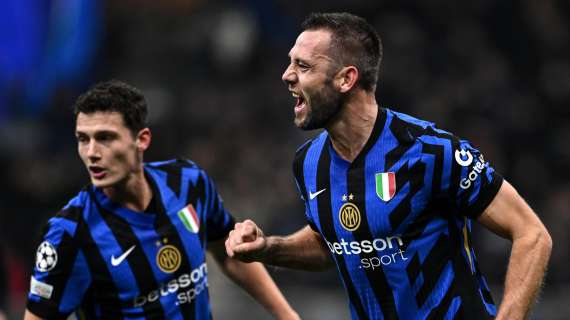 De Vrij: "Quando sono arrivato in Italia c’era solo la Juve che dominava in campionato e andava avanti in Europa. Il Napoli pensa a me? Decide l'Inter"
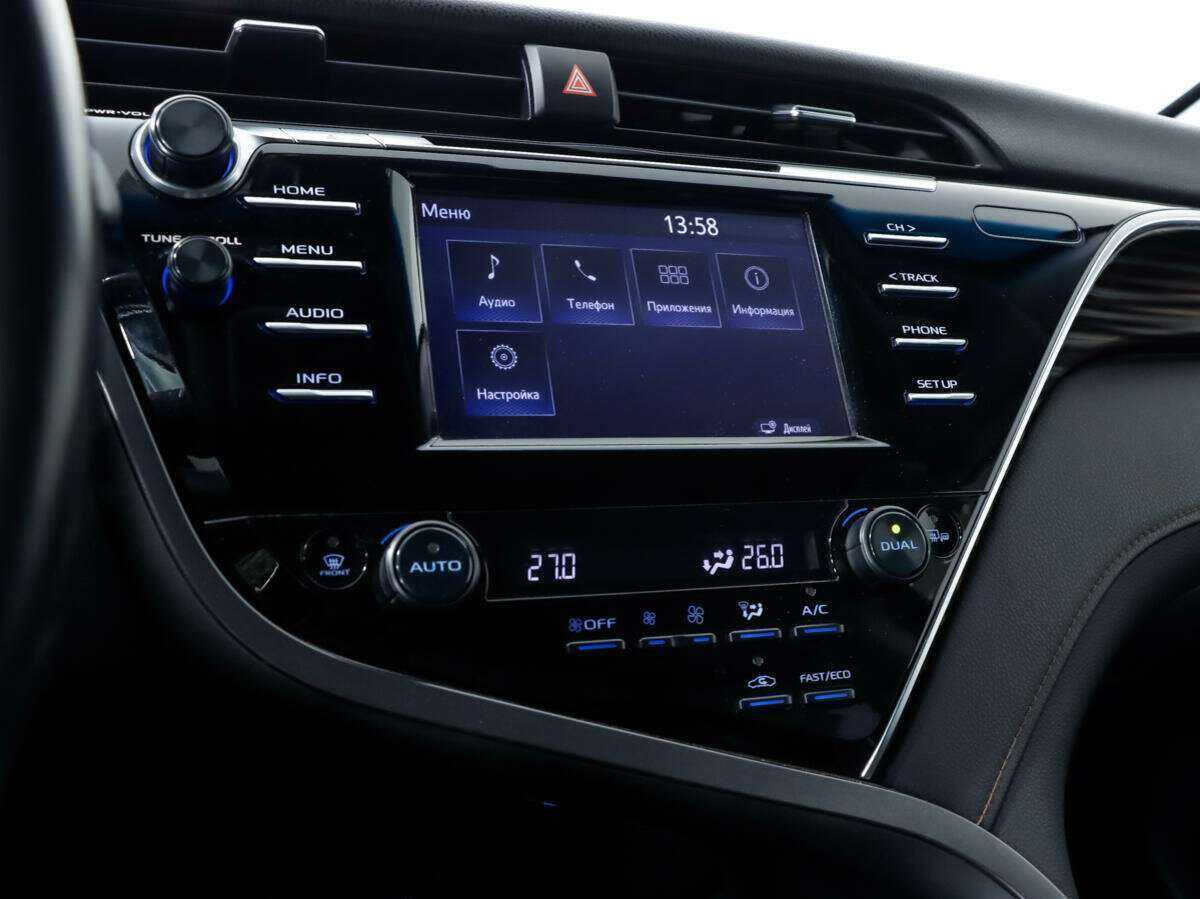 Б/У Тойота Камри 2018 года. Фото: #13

...

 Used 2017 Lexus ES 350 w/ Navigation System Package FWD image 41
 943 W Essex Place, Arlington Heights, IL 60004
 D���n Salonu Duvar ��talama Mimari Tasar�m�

--

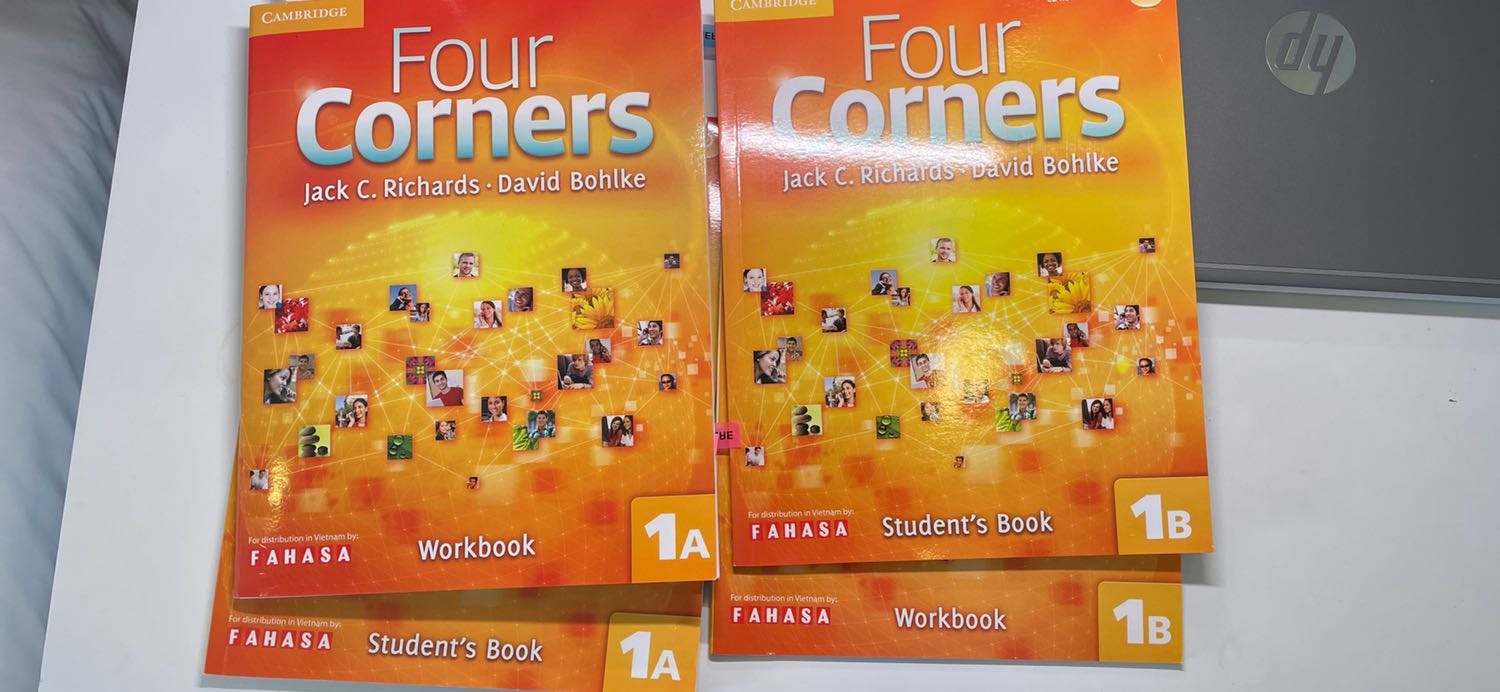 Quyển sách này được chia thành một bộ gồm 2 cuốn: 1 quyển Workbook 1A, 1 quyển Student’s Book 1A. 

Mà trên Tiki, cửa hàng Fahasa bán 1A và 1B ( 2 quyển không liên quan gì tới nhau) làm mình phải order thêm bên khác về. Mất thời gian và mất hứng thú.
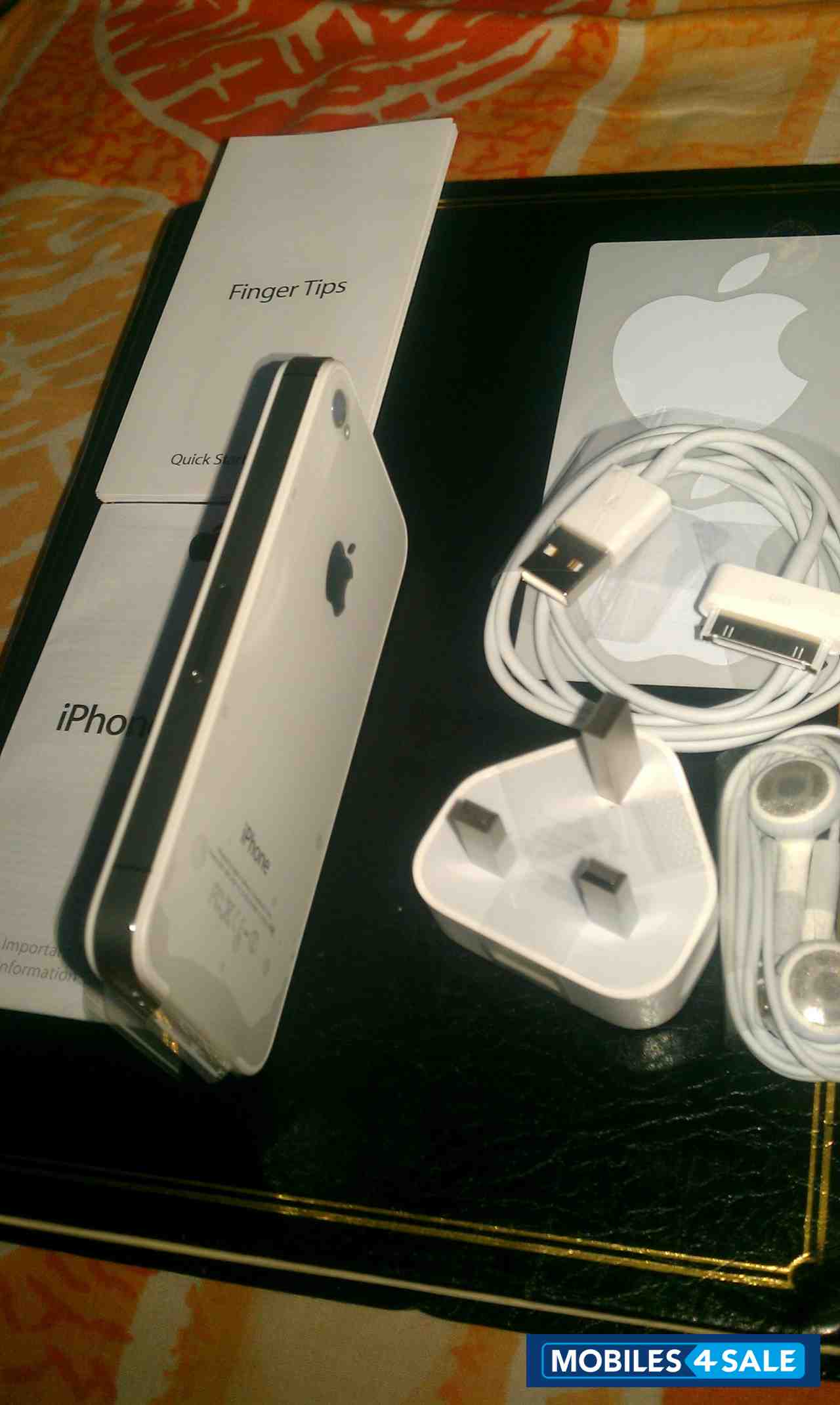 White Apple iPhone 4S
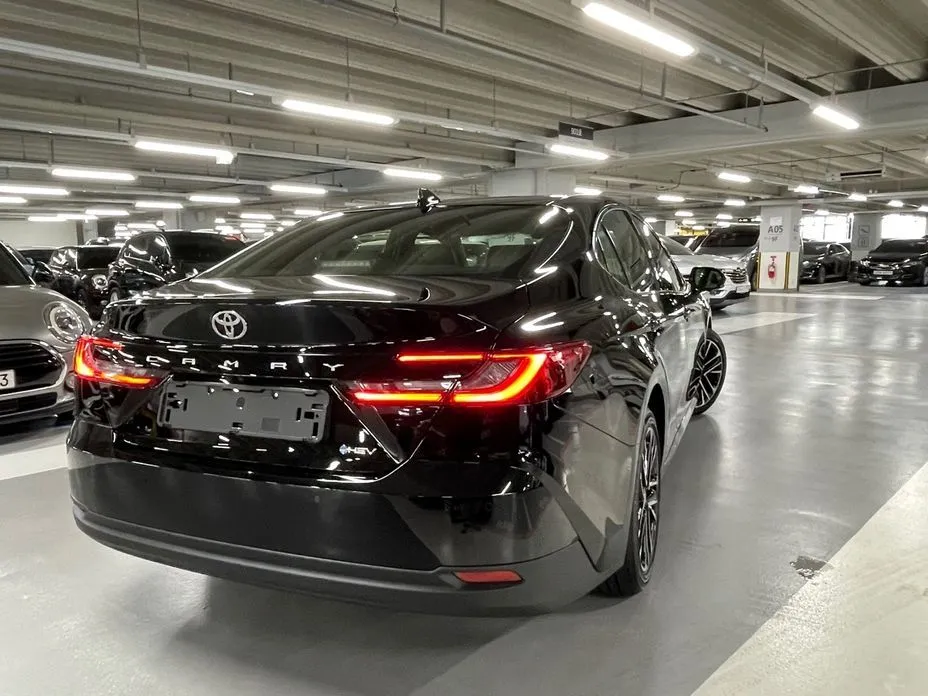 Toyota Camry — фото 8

_Exercise prompt_
Restate word for word the lines of the data above that begin at the line with "sono arrivato in" and end at the line with "Б/У Тойота Камри 2018 года. Фото: #13", keeping both ends and dropping every picture.

_Answer for this exercise_
 De Vrij: "Quando sono arrivato in Italia c’era solo la Juve che dominava in campionato e andava avanti in Europa. Il Napoli pensa a me? Decide l'Inter"
 Б/У Тойота Камри 2018 года. Фото: #13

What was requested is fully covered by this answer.